# WORK TO BE COMPLETED
Set the records down again, exactly, without their images.

# TASK INPUTS
Segment Open
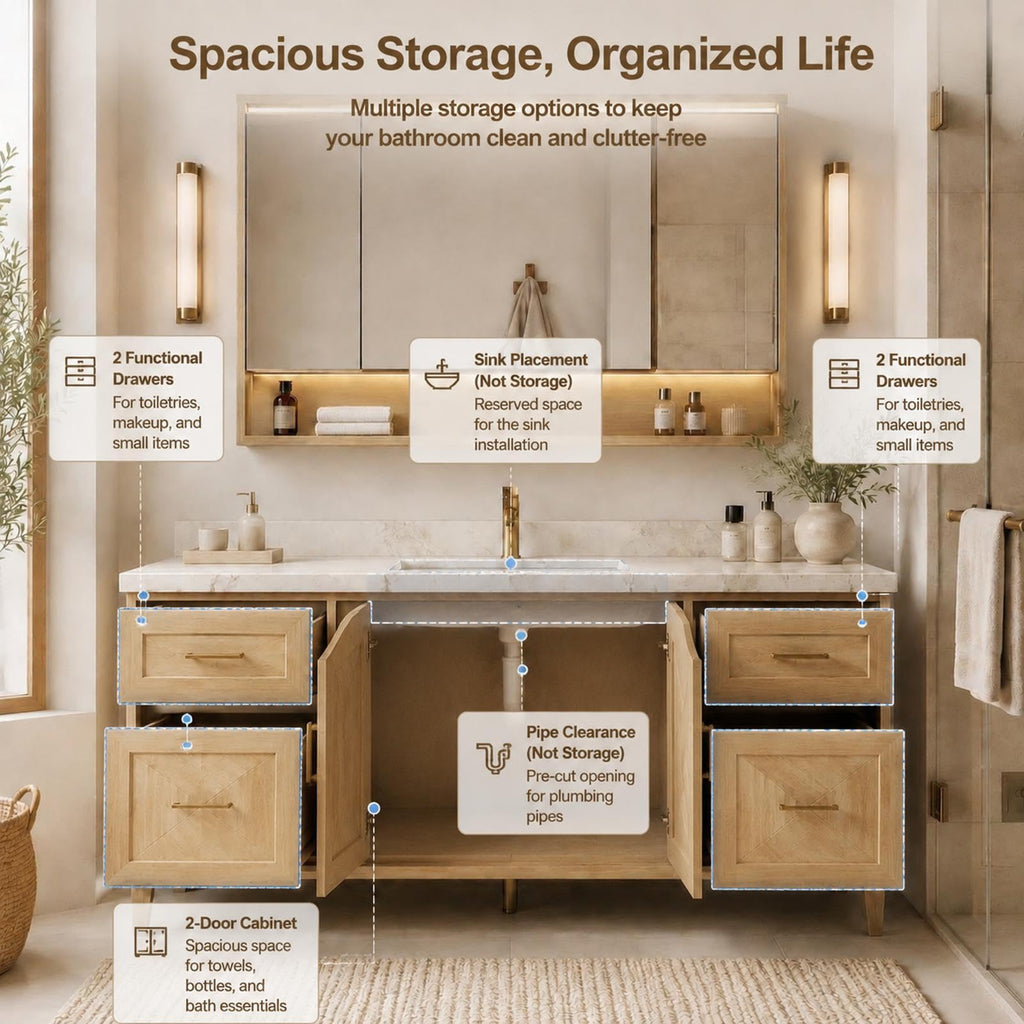 62 IN Freestanding Single Sink Bathroom Vanity with LED Storage Mirror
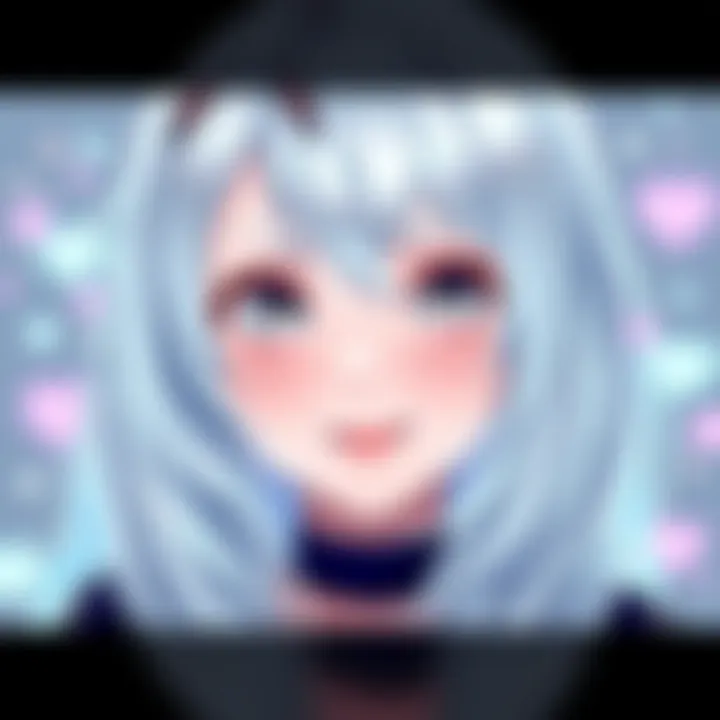 A charming silver-haired anime girl with sparkling eyes and a playful smile, surrounded by soft pastel colors, showcasing her appeal.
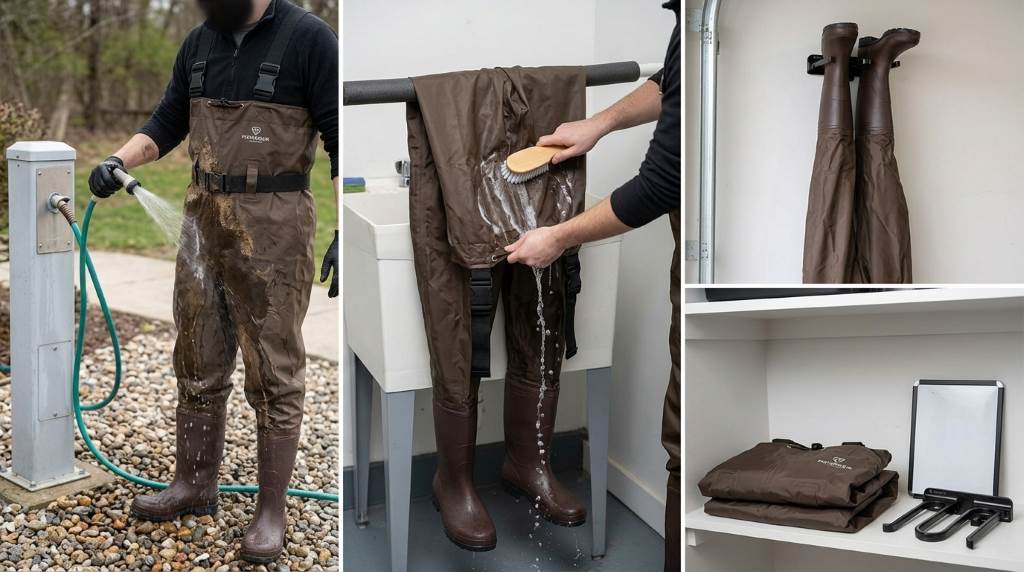 Hanging fishing waders to air dry after washing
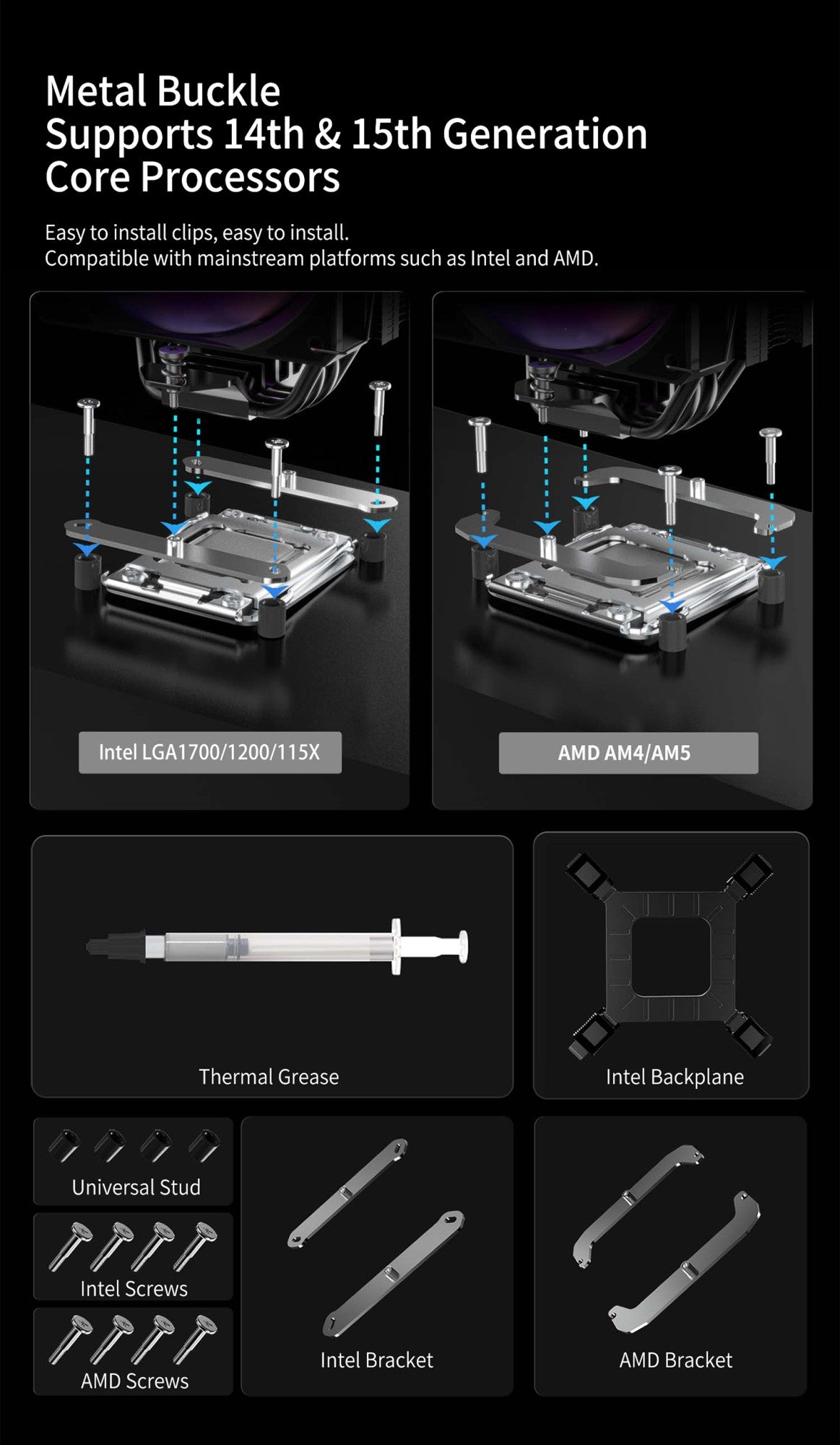 UPSIREN Walrus Assassin 90 Digital Display 4 Heatpipe CPU Cooler 92mm Cooling Fan Radiator Air Cooler  For LGA1700/1200 AM4 AM5
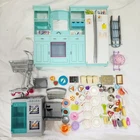 Vintage Barbie Kitchen Playset Fridge Cooker Sink Blue With Food Trolly Plates
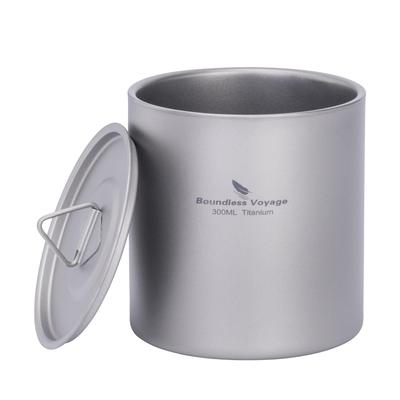 Boundless Voyage Titanium with Lightweight and Stackable Mug Set for Outdoor and More Double-Walled Mug, 300ml, Lid, Durable, Hiking, Camping,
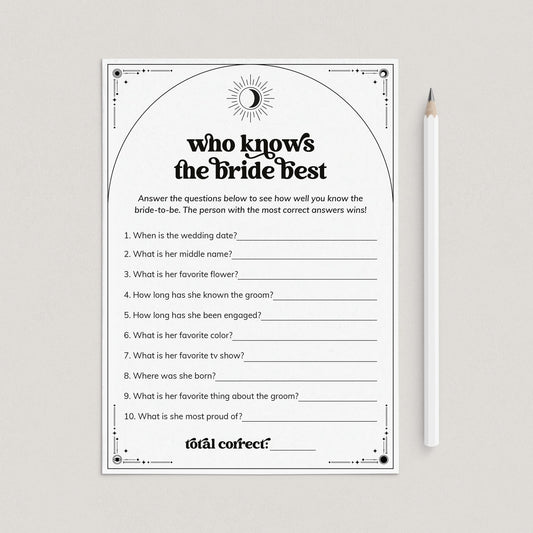 Who Knows The Bride Best Game Printable | Written In The Stars theme by LittleSizzle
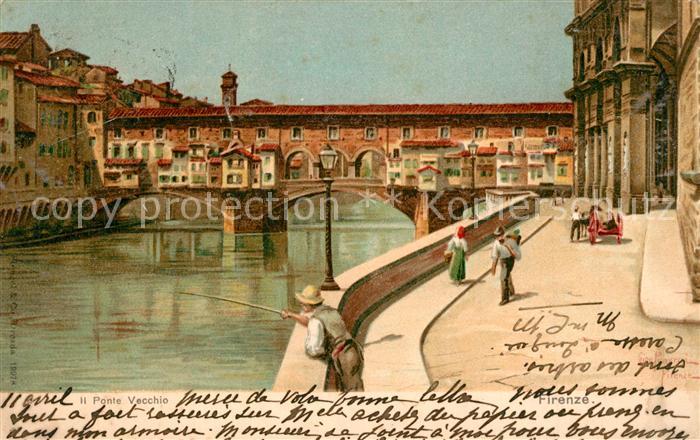 Firenze Florenz Ponte Vecchio Litho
Segment Closed
# THE ANSWER
 62 IN Freestanding Single Sink Bathroom Vanity with LED Storage Mirror
 A charming silver-haired anime girl with sparkling eyes and a playful smile, surrounded by soft pastel colors, showcasing her appeal.
 Hanging fishing waders to air dry after washing
 UPSIREN Walrus Assassin 90 Digital Display 4 Heatpipe CPU Cooler 92mm Cooling Fan Radiator Air Cooler  For LGA1700/1200 AM4 AM5
 Vintage Barbie Kitchen Playset Fridge Cooker Sink Blue With Food Trolly Plates
 Boundless Voyage Titanium with Lightweight and Stackable Mug Set for Outdoor and More Double-Walled Mug, 300ml, Lid, Durable, Hiking, Camping,
 Who Knows The Bride Best Game Printable | Written In The Stars theme by LittleSizzle
 Firenze Florenz Ponte Vecchio Litho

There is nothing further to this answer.